C’est absolument magnifique de narration et aussi de jeu d’acteurs. Non, Roger Hanin n’a pas toujours été Navarro ou quelque autre personnage à la truculence pied-noir. Ici, il est un chef de réseau, conscient de ses responsabilités et les assumant jusqu’au bout, acceptant aussi l’injustice faite à François.

Robert Hossein interprète l’étranger de cette équipe : cela ne fait qu’une semaine qu’il est là, engagé dans la Résistance pour donner un sens à sa vie. Mais il n’est qu’humain et refuse cet ultimatum, ayant comme tout un chacun la peur de mourir.

Quant à Marina Vlady, elle est la femme, amoureuse (d’Antoine) mais déterminée, malheureuse de mourir bien sûr, mais ce sera avec l’homme qu’elle aime.

Béatrice Bretty et Lucien Raimbourg, eux, sont d’une certaine manière les victimes collatérales de ce conflit, complice plus ou moins volontairement, mais acceptant eux aussi leur sort inéluctable.

 

En plus de la règle des 3 unités, Valère construit son intrigue en distillant des micro-événements, alternant l’espoir et le désespoir jusqu’au bout, ses personnages conservant (presque) l’espérance illusoire de s’en sortir.

C’est une série continue d’alternance entre une étincelle d’optimisme éteinte par la réalité abrupte (pessimiste), ne donnant jamais la possibilité d’embraser leurs espoirs.

Il n’y aura aucune chance, malgré les Alliés qui s’approchent, ou les camarades qui essaient de les délivrer.

 

C’est aussi un film où la bande-son est très importante.

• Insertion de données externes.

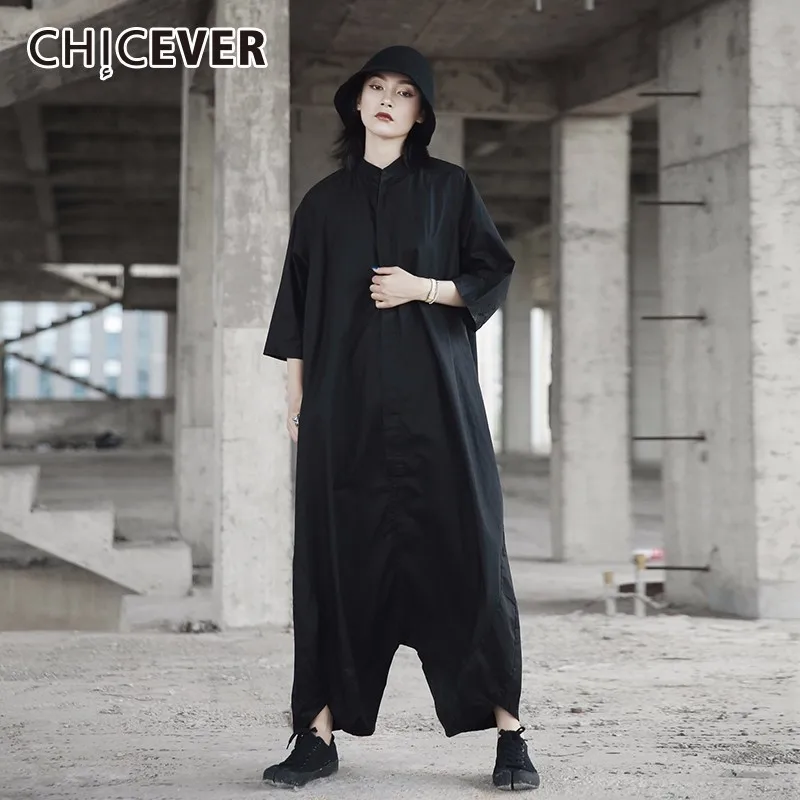 CHICEVER черный для женщин s комбинезон свободные Oversize три четверти рукав подол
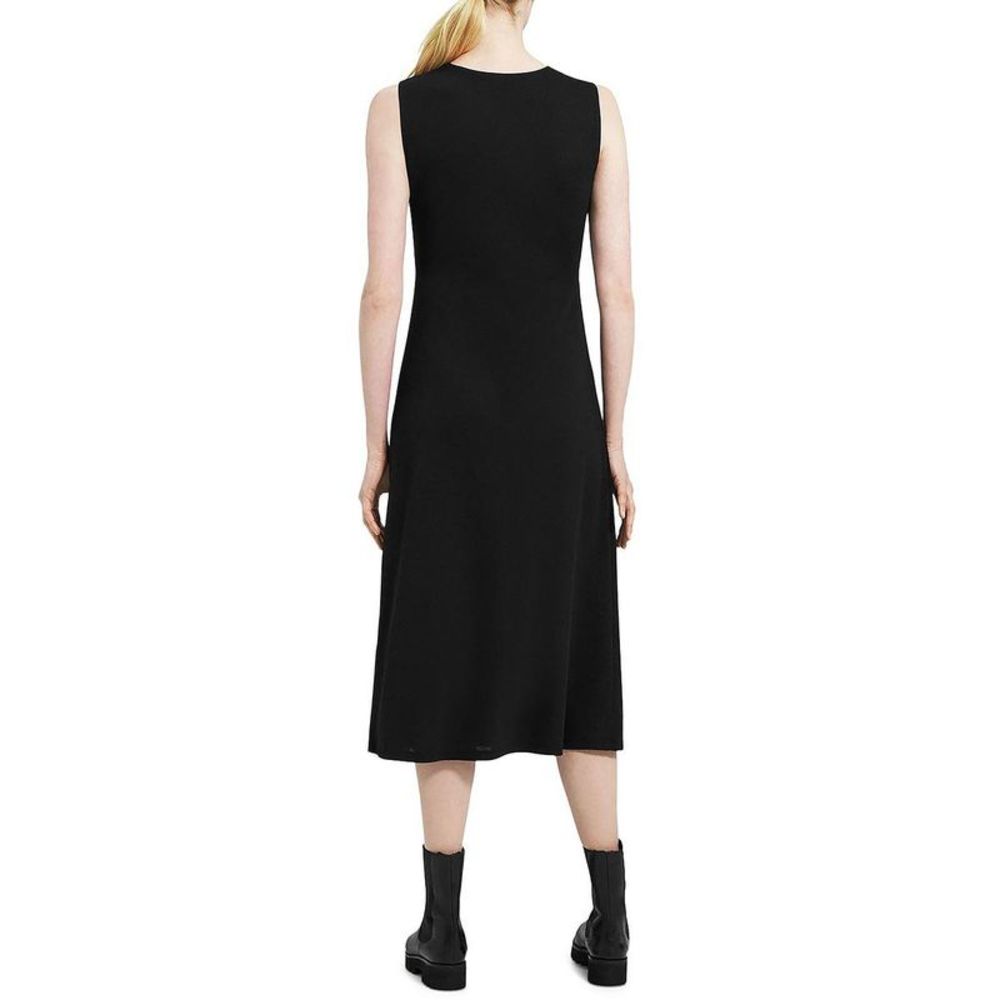Theory Womens Black Sleeveless Fitted Party Midi Dress NWT - Picture 2 of 2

En effet, les silences sont aussi éloquents que les paroles échangées : paroles de regret, d’espoir, de résignation ; et le silence lourd du destin funeste qui les attend.

De plus, aucun compositeur n’a écrit une partition pour ce film : c’est le Requiem de Mozart qui accompagne ces personnes à la mort, ainsi que l’avait voulu le grand Wolfgang Amadeus.

 

En moins de 80 minutes tout est dit, tout est consommé : personne n’est épargné.